FARMINGTON — James Baldwin, American novelist, playwright and activist, is the next featured topic of the University of Maine at Farmington’s New Commons Project. Baldwin was renowned as one of the country’s most vocal advocates for equality and one of the most important authors in the modern American canon. His 1963 non-fiction book, “The Fire Next Time,” was a national bestseller that galvanized the nation and gave passionate voice to the emerging civil rights movement.
Born in Harlem, New York, in 1924, to a life of poverty and persecution, Baldwin spent much of his early years in libraries where he developed a passion for writing. Throughout his writing career, he experimented with literary forms on topics exploring racial, sexual and class distinctions in Western Society. His passionate, intensely personal essays in the 1950s and 60s made him an eloquent voice for the civil rights movement.
I Am Not Your Negro is a critically-acclaimed 2016 film based on “Remember This House,” an unfinished manuscript of Baldwin’s. He died in 1987, never wanting to be a spokesperson, but saw his personal mission as bearing witness to the truth. The events on James Baldwin are free and open to the public and will run from Nov. 21-Dec. 5.
The New Commons Film Series: I Am Not Your Negro. Thursday, Nov. 21, 7:30- 9:30 p.m., Lincoln Auditorium, Roberts Learning Center
The New Commons Film Series presents I Am Not Your Negro, an Oscar-nominated 2016 documentary highlighting James Baldwin’s observations on American history and racism. Narrated by Samuel L. Jackson, I am Not Your Negro is inspired by Baldwin’s unfinished 1970s work Remember This House. The documentary explores Baldwin’s thoughts on and relationships with civil rights leaders of the 1960s such as Malcom X, Martin Luther King Jr. and Medgar Evers.

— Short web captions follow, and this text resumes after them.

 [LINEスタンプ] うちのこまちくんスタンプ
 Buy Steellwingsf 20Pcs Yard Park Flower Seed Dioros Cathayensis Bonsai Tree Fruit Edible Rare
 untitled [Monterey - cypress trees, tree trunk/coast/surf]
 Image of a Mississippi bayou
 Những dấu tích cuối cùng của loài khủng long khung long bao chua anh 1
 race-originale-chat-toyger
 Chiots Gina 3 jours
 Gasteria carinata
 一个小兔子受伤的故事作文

James Baldwin Symposium – Friday, Nov. 22, 9:45 a.m. – 5:15 p.m., Emery Community Arts Center
Join Guy Mark Foster, Baldwin scholar and associate professor of English at Bowdoin College; Stefania Heim, poet, scholar, translator, editor and educator; Ian Davis, scholar of transnational modernisms, race, gender and sexuality and Julian Randall, author of “Refuse,” for a day-long consideration and discussion of the importance, impact and nuance of the writing of James Baldwin as part of the New Commons Project’s focus on “The Fire Next Time.”
Poetry Reading with Stefania Heim, Julian Randall and Kristen Case. Friday, Nov. 22, 7:30-9 p.m., Twice Sold Tales, 155 Main Street, Farmington, ME
The New Commons Project presents a poetry reading by award-winning authors Stefania Heim, poet, scholar, translator, editor and educator; Julian Randall, author of “Refuse” (University of Pittsburgh Press, 2018) that won the 2017 Cave Canem Poetry Prize and Kristen Case, associate professor English at UMF.

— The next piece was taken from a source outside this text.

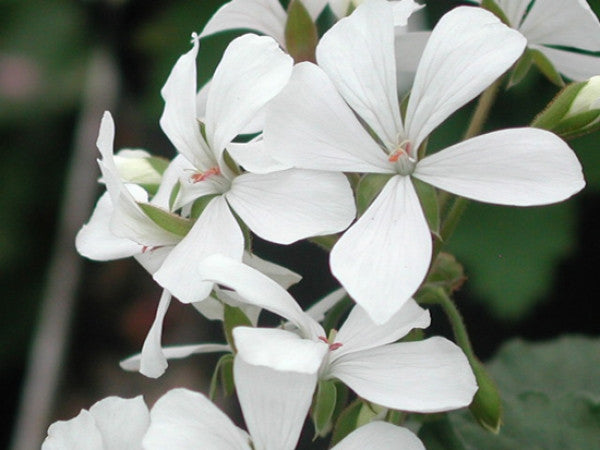 Picture of  Dresden White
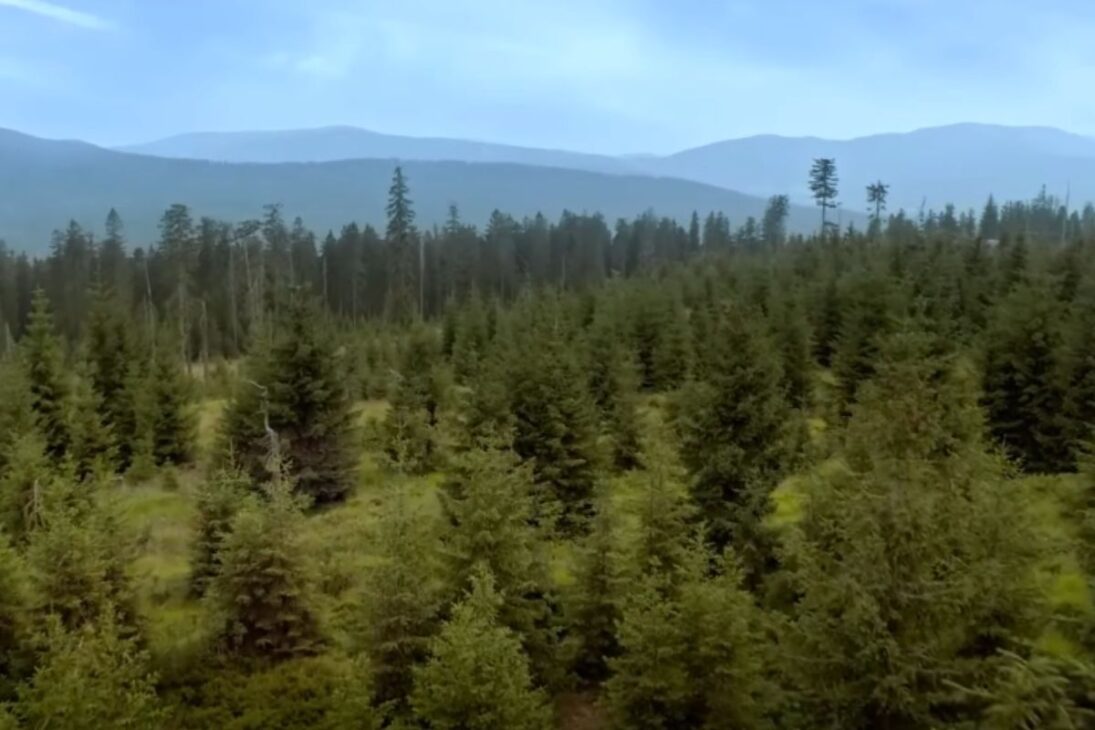 Cuando los escarabajos destruyen monocultivos y monocultivos de abetos colapsan bosques europeos ante el cambio climático, los científicos apuestan por la migración asistida.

Keynote Event: Jericho Brown, “The Cultural Import of James Baldwin and The Tradition,” Thursday, Dec. 5, 7:30 – 9:30 p.m., Emery Community Arts Center – Scholar and poet Jericho Brown, associate professor and the director of the creative writing program at Emory University, will discuss his own work, as well as situate James Baldwin’s writing within a linage of creative African American cultural criticism. He is the recipient of fellowships from the Guggenheim Foundation, the Radcliffe Institute of Advanced Study at Harvard, and the National Endowment for the Arts, and he is the winner of the Whiting Writers Award. Currently, he is focused on his recently-published “The Tradition,” a poetry collection “relentless in its quest for survival while reveling in a celebration of contradiction.”
The New Commons Film Series: I Am Not Your Negro — Thursday, Dec. 12, 7-9 p.m., Indigo Arts Alliance, 60 Cove Street, Portland, ME
Shay Stewart Bouley, founder of the celebrated digital platform Black Girl in Maine, will introduce a special screening of I Am Not Your Negro, an Oscar-nominated 2016 documentary highlighting James Baldwin’s observations on American history and racism.
The New Commons Project is a public humanities initiative of the University of Maine at Farmington, Maine’s public liberal arts college, in partnership with the Maine Humanities Council. It is made possible by a grant from the Andrew W. Mellon Foundation. The project’s 12 topics so far have been submitted by people from around the state and represent some of the principles and cultural values that fascinate Maine citizens.